Updated on March 20, 2014

Extreme Chocolate Birthday Cake

3.9 stars from 7 ratings of Extreme Chocolate Birthday Cake

You Can Have Cake On Your Diet

I started a low carb diet a few months ago. Things started off pretty good. I learned to give up my beloved bread, cakes, cookies, candy, FRENCH FRIES. Yeah, you can see why the scale was moving up.

Anyhow, along came September and it was closing in on my birthday. A friend of mine asked me, "what are you going to have for your birthday?" I replied with I guess I'll just have to give in and have a birthday cake. She promptly told me, "no, you can't do that. I'll buy you a birthday salad."

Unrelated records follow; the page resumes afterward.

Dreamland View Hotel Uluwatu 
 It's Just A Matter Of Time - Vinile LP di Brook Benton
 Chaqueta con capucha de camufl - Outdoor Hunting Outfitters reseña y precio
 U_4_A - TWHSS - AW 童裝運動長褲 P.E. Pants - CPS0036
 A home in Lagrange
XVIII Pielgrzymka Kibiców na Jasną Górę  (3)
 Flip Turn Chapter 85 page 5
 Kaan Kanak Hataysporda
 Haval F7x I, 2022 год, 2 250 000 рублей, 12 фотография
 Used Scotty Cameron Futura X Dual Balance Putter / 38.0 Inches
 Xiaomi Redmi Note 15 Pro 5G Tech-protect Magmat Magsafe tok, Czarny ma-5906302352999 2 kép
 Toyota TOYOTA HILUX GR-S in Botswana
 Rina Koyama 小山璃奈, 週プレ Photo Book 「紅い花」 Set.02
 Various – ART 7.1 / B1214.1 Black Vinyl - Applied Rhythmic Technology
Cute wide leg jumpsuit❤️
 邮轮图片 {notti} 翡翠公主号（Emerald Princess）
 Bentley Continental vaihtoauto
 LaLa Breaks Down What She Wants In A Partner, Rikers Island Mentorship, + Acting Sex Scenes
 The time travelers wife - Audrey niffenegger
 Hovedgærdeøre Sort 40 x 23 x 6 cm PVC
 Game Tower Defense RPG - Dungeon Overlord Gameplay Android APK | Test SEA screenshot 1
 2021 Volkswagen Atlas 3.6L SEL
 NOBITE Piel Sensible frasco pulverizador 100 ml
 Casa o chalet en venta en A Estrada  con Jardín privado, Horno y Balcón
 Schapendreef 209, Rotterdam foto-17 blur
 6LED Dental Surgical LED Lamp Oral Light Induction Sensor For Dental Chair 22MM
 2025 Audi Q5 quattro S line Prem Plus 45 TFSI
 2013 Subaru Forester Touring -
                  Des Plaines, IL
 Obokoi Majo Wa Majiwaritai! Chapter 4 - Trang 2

Birthday salad. How appealing does that sound? Yeah, that's how I want to celebrate my birthday, with a bunch of veggies. Don't get me wrong, I love my veggies. Veggies just don't scream "woo-hoo, it's your birthday, let's celebrate."

I started searching for something I could make for my birthday that wouldn't make me want to throw the scale out the window after I ate it. I came across a blog called Maria's Nutritious Journal and found this recipe.

Maria Emmerich is a very talented nutritionist. She explains what's good for you, what's not, and gives you alternative recipes for things that I once loved. I can have my low carb cake and eat it, too! I have since bought several of her books. They are very informative and have a lot of recipes that are excellent.

Don't know what to do for your holiday menu? There are three yummy recipes on how to Stay Low Carb During the Holidays. Want a great low carb pizza? Try my low carb pizza recipe.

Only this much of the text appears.